##### Data section #####

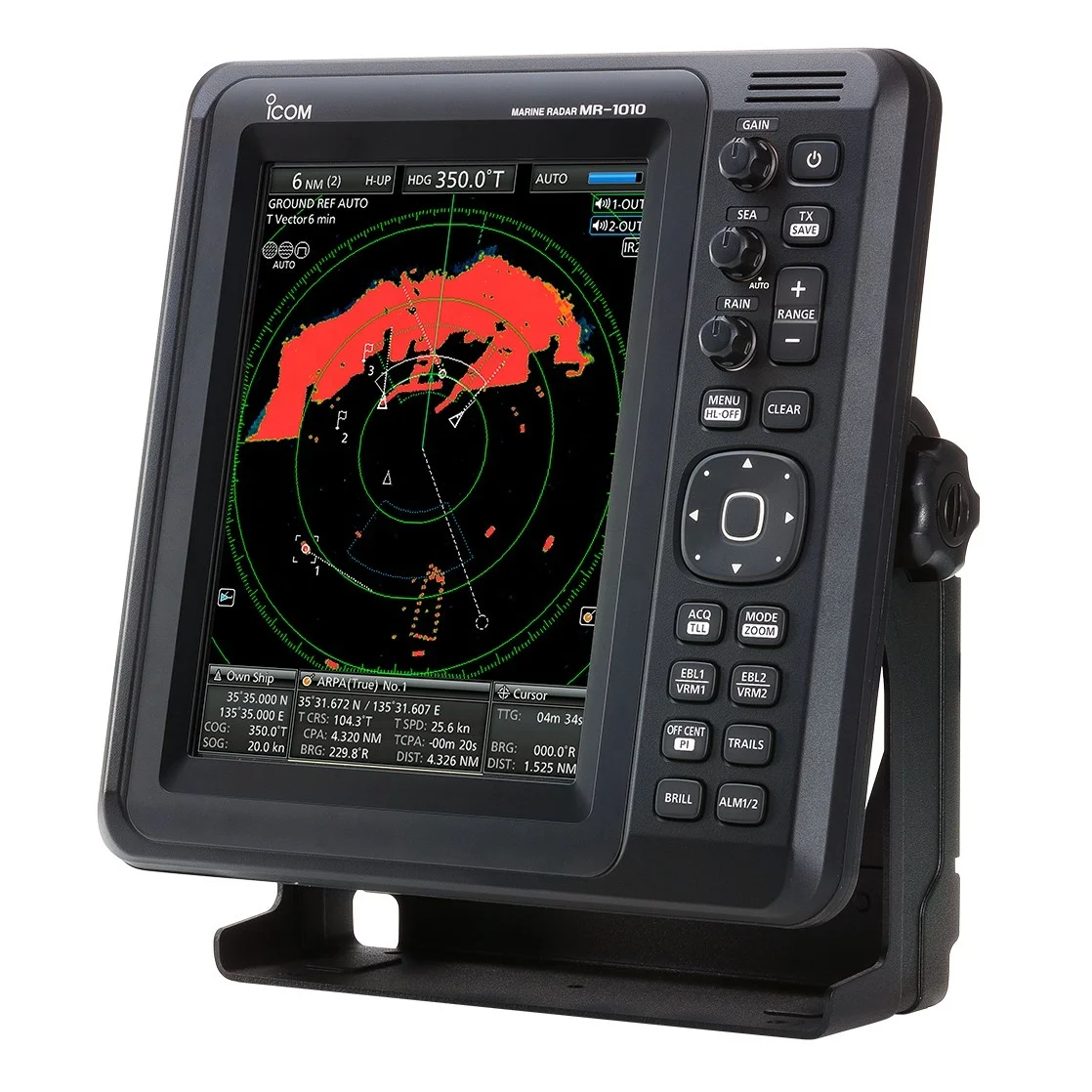 Radar marino Icom MR1010RII |   Display a colori da 4 kW e 36 miglia nautiche ad alta potenza per uso professionale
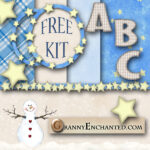 Snowman digital scrapbook kit in blues and yellows with stars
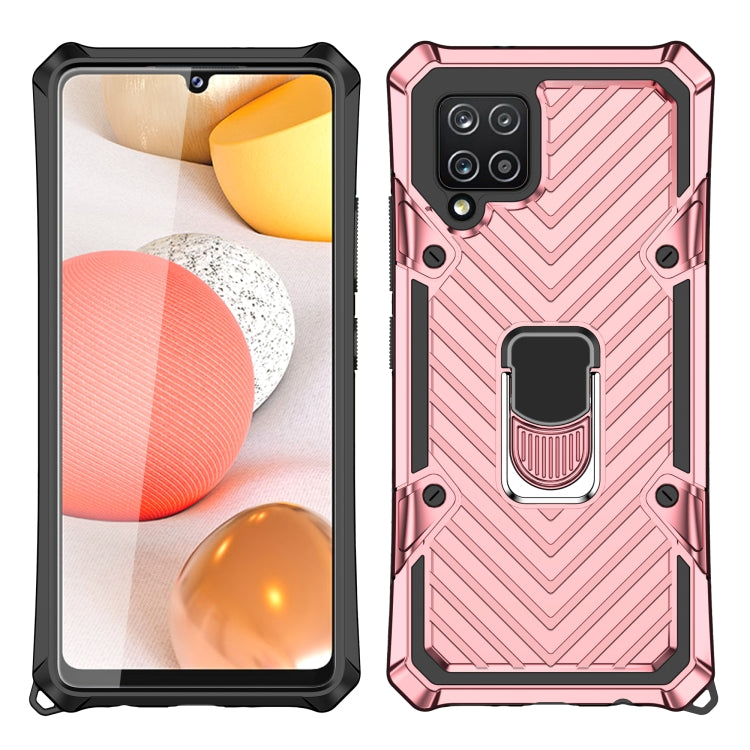 For Samsung Galaxy A42 5G Cool Armor PC + TPU Shockproof Case with 360 Degree Rotation Ring Holder
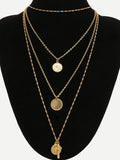 Coin & Cross Layered Pendant Necklace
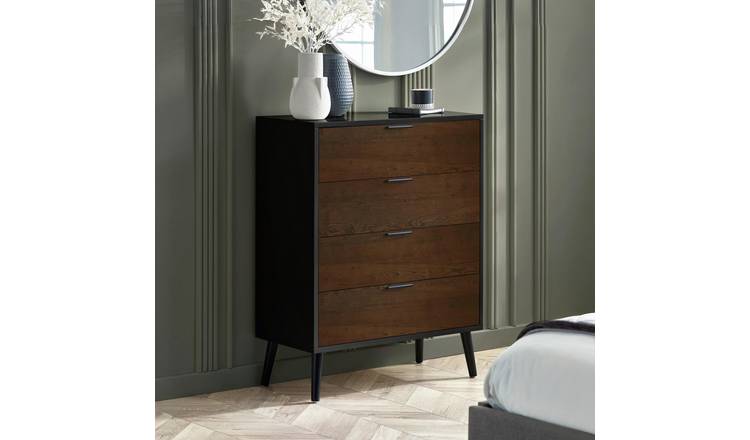 Julian Bowen Alba 4 Drawer Chest - Walnut & Black
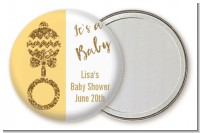Gold Glitter Baby Rattle - Personalized Baby Shower Pocket Mirror Favors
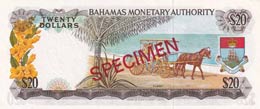 Bahamas, 20 Dollars, 1968, UNC,p31s, ... 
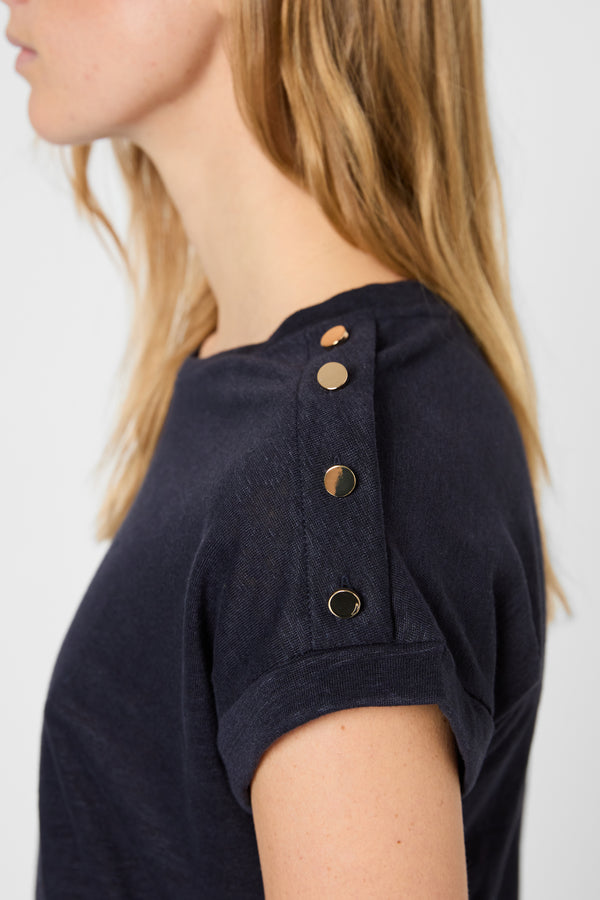 Gerard Darel T-shirt à Boutons Dorés En Lin - GIGI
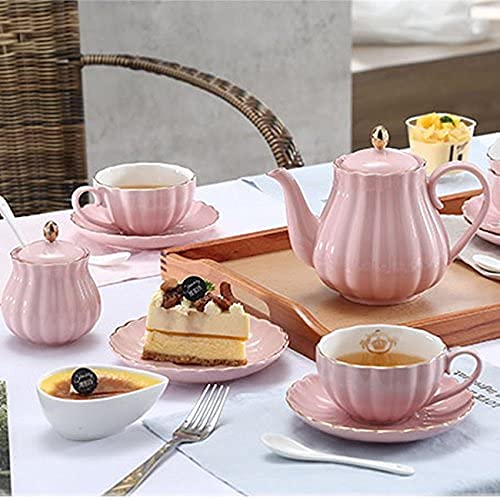Sweejar Home Service à thé en Porcelaine avec tasses et soucoupes Motif famille Royale 225 ml Rosa - Imagen 4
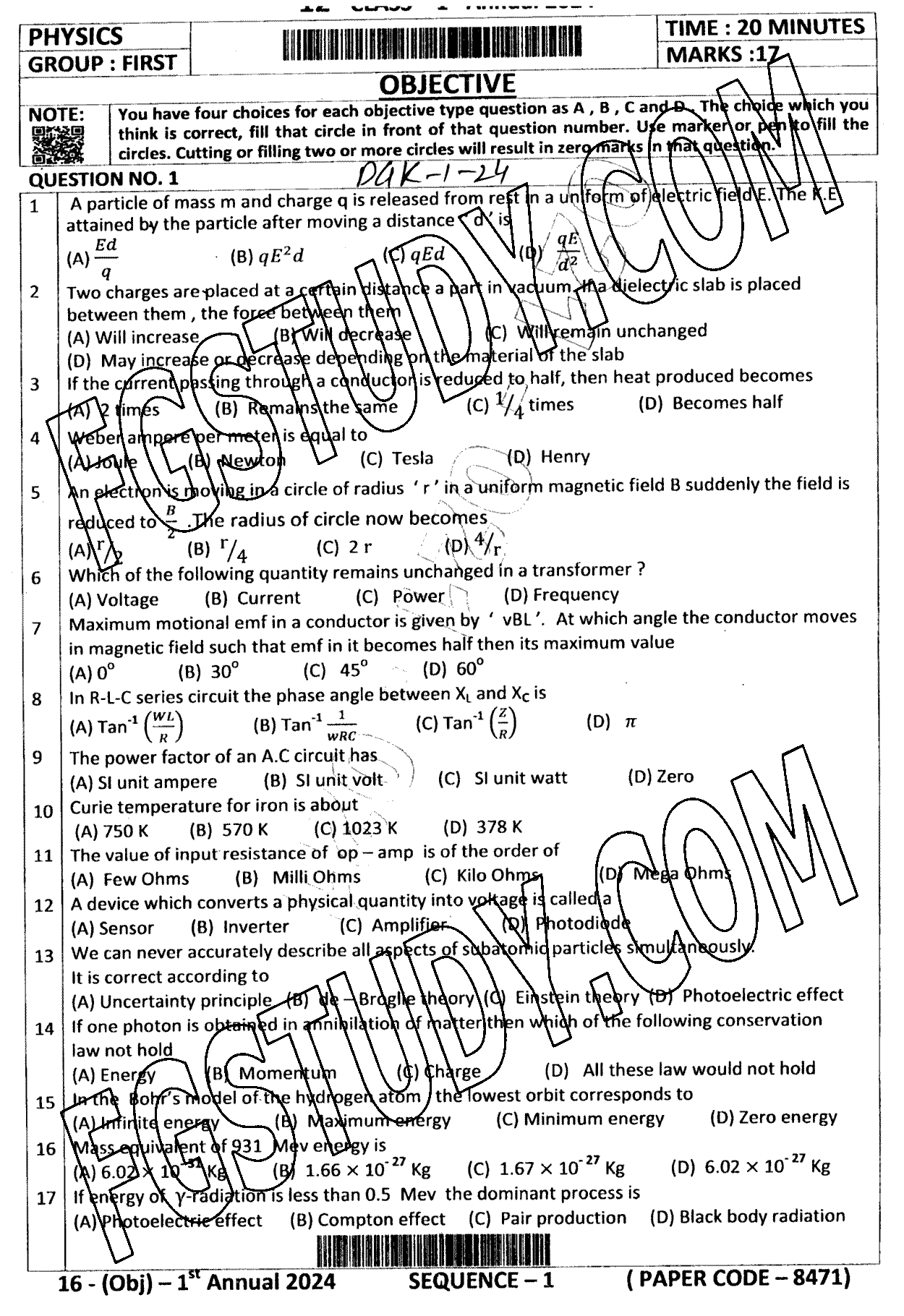 12th Class Physics Past Paper 2024 Dg Khan Board Group 1 Objective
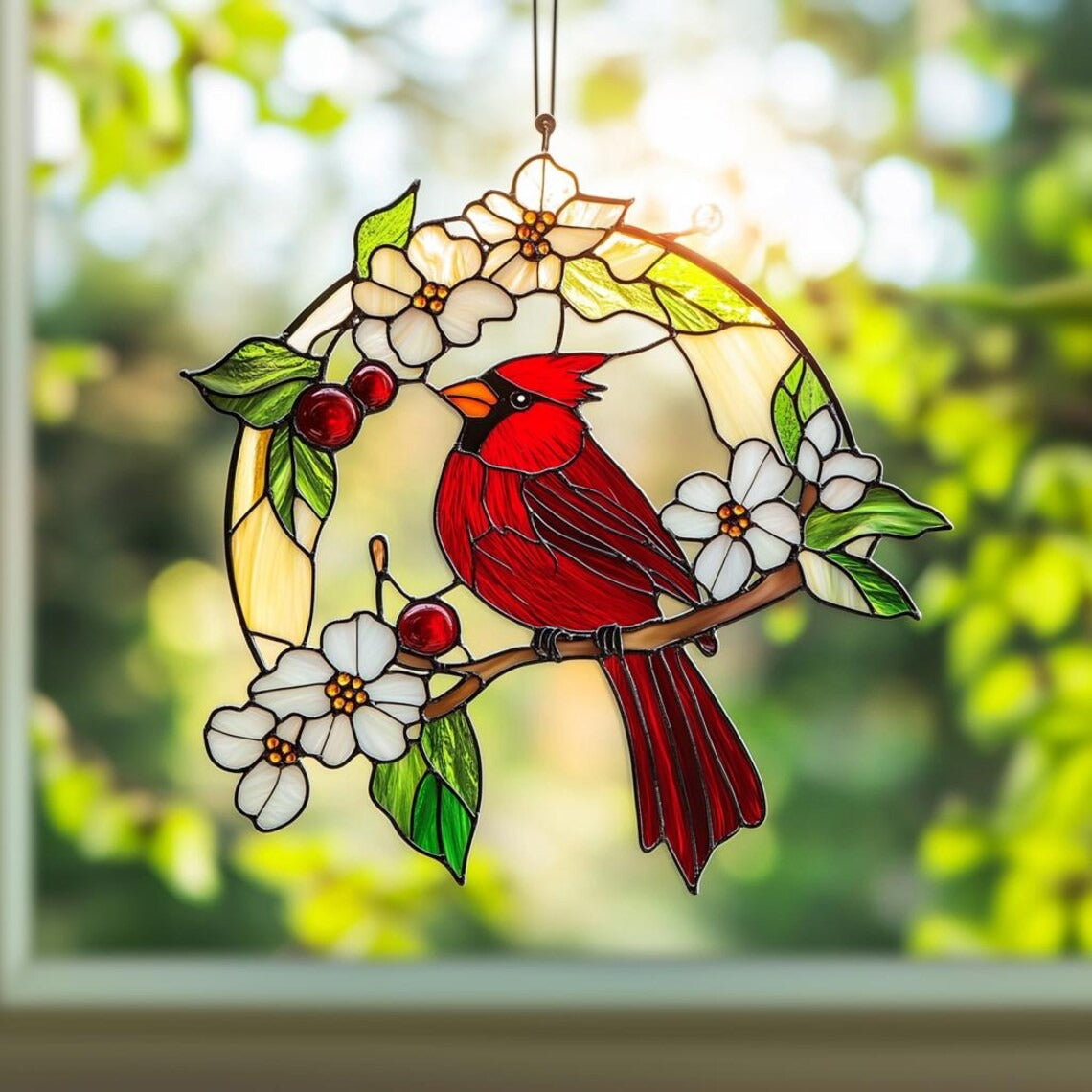 Red Cardinal Acrylic Suncatcher Ornament, Window Hanging Decor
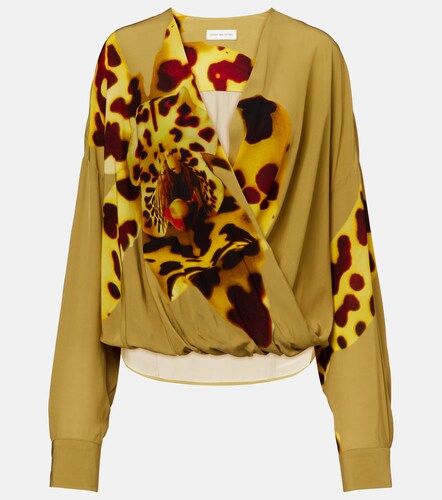 Printed draped satin blouse - Dries Van Noten - Modalova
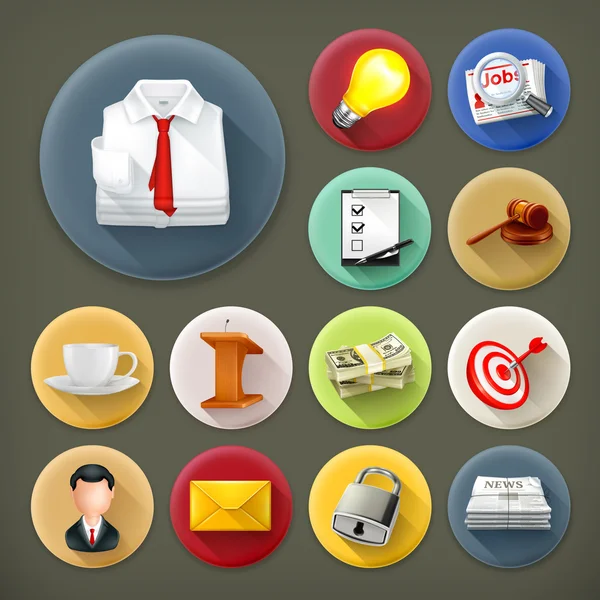 Affaires et bureau, ensemble d'icônes ombragées — Image vectorielle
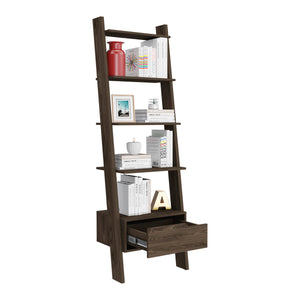 English Elm Ladder Dark Walnut Bookcase with One Drawer and Five Open Shelves, Space-Saving Leaning Design, Durable B097133049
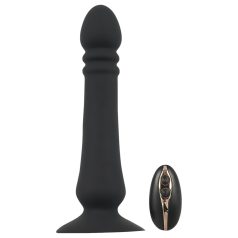   Black Velvets - vibrador anal com pulsação recarregável - silicone preto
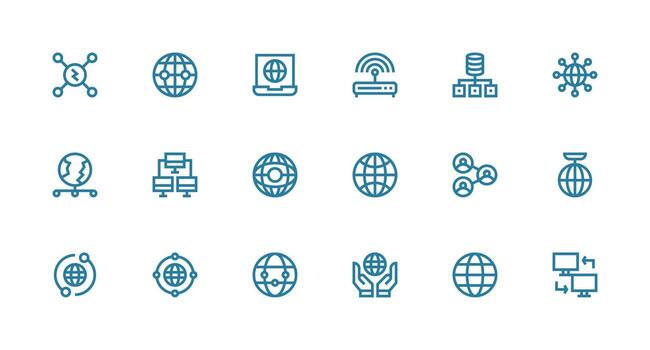 18 Strong Stroke Line Icons for Network Connection Graphics Versatile Icon Collection for Designers vector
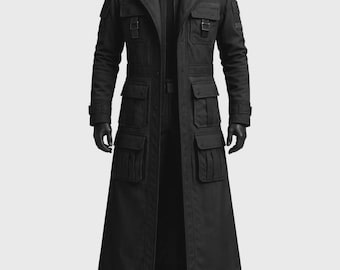 Long trench-coat tactique gothique | Veste homme noire style militaire Cyberpunk
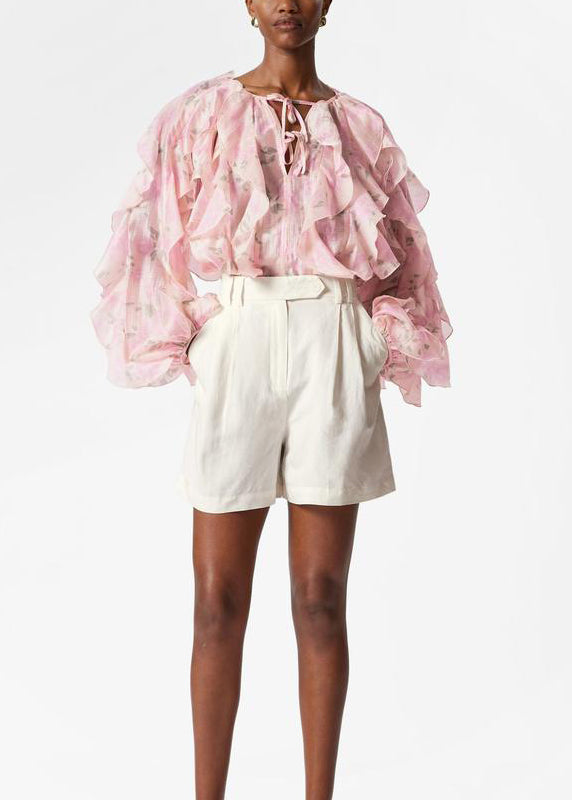 Fall Women Ruffled Pink Chiffon Patchwork Tops Shirt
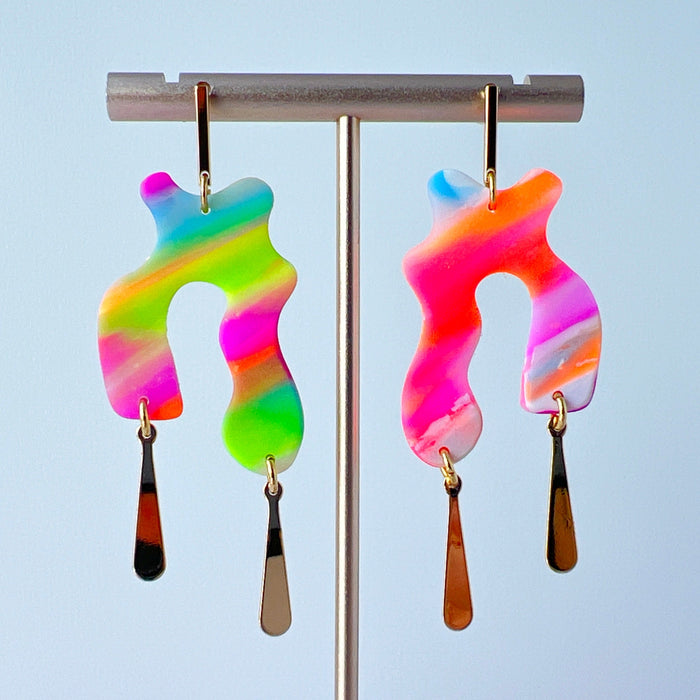 Earrings Neon Blob Drop Earrings – Funky Handmade Polymer Clay Brilliance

#####

■ **Instructions to follow**:
Pictures stay out; reproduce every line of the records exactly.

■ **Task answer**:
 Radar marino Icom MR1010RII |   Display a colori da 4 kW e 36 miglia nautiche ad alta potenza per uso professionale
 Snowman digital scrapbook kit in blues and yellows with stars
 For Samsung Galaxy A42 5G Cool Armor PC + TPU Shockproof Case with 360 Degree Rotation Ring Holder
 Coin & Cross Layered Pendant Necklace
 Julian Bowen Alba 4 Drawer Chest - Walnut & Black
Gold Glitter Baby Rattle - Personalized Baby Shower Pocket Mirror Favors
 Bahamas, 20 Dollars, 1968, UNC,p31s, ... 
 Gerard Darel T-shirt à Boutons Dorés En Lin - GIGI
Sweejar Home Service à thé en Porcelaine avec tasses et soucoupes Motif famille Royale 225 ml Rosa - Imagen 4
 12th Class Physics Past Paper 2024 Dg Khan Board Group 1 Objective
 Red Cardinal Acrylic Suncatcher Ornament, Window Hanging Decor
 Printed draped satin blouse - Dries Van Noten - Modalova
 Affaires et bureau, ensemble d'icônes ombragées — Image vectorielle
 English Elm Ladder Dark Walnut Bookcase with One Drawer and Five Open Shelves, Space-Saving Leaning Design, Durable B097133049
   Black Velvets - vibrador anal com pulsação recarregável - silicone preto
 18 Strong Stroke Line Icons for Network Connection Graphics Versatile Icon Collection for Designers vector
 Long trench-coat tactique gothique | Veste homme noire style militaire Cyberpunk
 Fall Women Ruffled Pink Chiffon Patchwork Tops Shirt
 Earrings Neon Blob Drop Earrings – Funky Handmade Polymer Clay Brilliance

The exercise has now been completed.